◆ What is expected
Pictures stay out of the copy; output exactly the lines from the one containing "Carlo Ancelotti en" through the end of the material.

◆ Data section
----

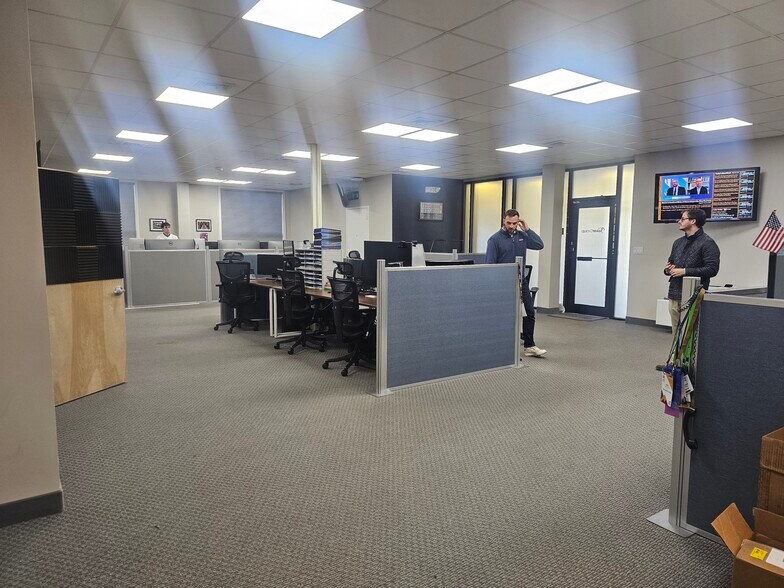 More Photos Of 375 Deer Park Ave, Babylon Medical For Lease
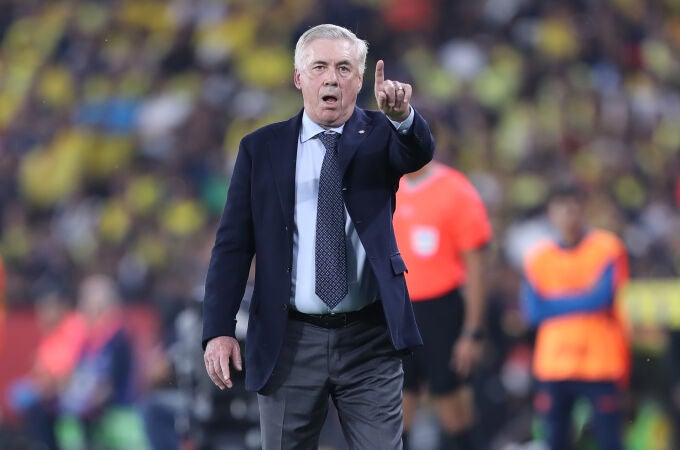 Carlo Ancelotti en el partido de eliminatorias contra Ecuador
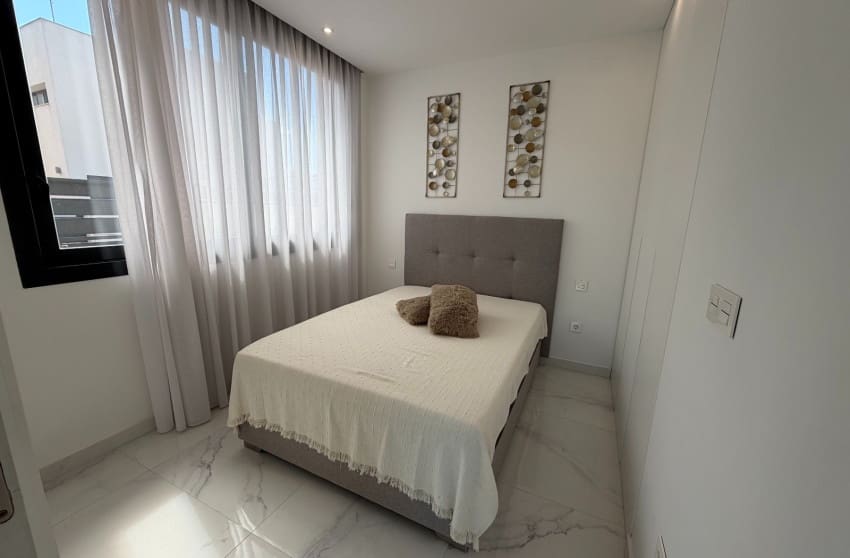 3 bedroom Villa for sale in Ciudad Quesada with pool - € 399,900 (Ref: 9813625)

----

◆ Solved exercise
 Carlo Ancelotti en el partido de eliminatorias contra Ecuador
 3 bedroom Villa for sale in Ciudad Quesada with pool - € 399,900 (Ref: 9813625)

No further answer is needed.